Archive for September, 2010

My 14-month child old doesn’t obey!

“My 14-month old doesn’t obey. What can I do about it?”

I have the following suggestions:

1. Avoid the word “don’t”. Just remove it temporarily from your vocabularly. Instead, tell a child what she needs to do. For example, do NOT say, “Don’t throw your food on the floor.” Instead, try “Keep your food on the table.” If you give the child a normal (rather than sippy) cup, do NOT say, “Don’t spill your milk.” Instead, try “Hold your cup carefully.” Children at the age of 14-months create a picture based on what is said to them. When you use the word “don’t”, your sentence inevitably describes the behavior that is NOT desired. The 14-month old, however, forms of picture of that undesired behavior nonetheless. And he is not yet able to imagine alternatives and this can also create a feeling of uncertainly and anxiety. So keep your language positive: describe the behavior you want, not the behavior you don’t want!

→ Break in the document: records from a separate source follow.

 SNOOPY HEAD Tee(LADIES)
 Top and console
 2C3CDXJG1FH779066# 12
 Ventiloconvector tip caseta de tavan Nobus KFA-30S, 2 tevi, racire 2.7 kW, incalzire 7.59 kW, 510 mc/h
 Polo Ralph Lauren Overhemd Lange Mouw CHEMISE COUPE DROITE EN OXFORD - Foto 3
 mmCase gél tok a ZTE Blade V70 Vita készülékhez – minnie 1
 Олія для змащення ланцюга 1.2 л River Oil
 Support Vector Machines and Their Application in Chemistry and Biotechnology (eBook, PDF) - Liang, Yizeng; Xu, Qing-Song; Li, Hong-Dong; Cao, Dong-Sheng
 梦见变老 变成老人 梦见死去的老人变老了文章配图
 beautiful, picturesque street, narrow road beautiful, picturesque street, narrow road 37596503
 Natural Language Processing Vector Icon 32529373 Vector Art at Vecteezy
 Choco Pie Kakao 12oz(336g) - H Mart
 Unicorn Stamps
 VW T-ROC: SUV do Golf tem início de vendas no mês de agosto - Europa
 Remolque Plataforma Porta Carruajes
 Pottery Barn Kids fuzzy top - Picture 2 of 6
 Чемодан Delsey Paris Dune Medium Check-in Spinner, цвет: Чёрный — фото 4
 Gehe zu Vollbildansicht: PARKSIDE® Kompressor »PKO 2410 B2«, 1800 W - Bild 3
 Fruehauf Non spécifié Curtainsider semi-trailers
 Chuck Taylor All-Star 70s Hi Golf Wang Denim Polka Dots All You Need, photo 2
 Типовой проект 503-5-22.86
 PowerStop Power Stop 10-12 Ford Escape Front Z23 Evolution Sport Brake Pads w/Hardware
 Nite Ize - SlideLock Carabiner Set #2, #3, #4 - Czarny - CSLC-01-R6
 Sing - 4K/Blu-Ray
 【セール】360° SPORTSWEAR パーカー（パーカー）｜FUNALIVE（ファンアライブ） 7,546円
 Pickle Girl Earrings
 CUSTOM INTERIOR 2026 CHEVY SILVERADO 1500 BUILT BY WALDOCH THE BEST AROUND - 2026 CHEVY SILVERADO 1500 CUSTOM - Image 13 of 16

2. Be clear with your words and do not ask questions if you want him to do something. For example, you can say “Peter, come to the sink to wash your hands.” If he doesn’t obey, you can go to him and take his hand gently and simply help him to do what you want him to do. If the child is busy playing with something, create a transition between his play and the action you want him to take. For example, you can discuss the beautiful tower he made, instruct him to put the very last block on the tower and then come with you to wash his hands. (This is also a useful strategy for preventing tantrums once the child turns two.)

3. Up to about 14 months, children require a very simple approach. For instance, if the child is engaging in activities that are not allowed (such as digging in the plant dirt, ripping pages in a book, or turning the television on and off), simply pick up the child and move her to a place in which play is allowed. Do not argue with the child with the idea that she understands your reasoned statements about plant dirt, ripping pages, and turning on the television being forbidden. Use direct action at these ages to enforce these boundaries and everyone will be happier.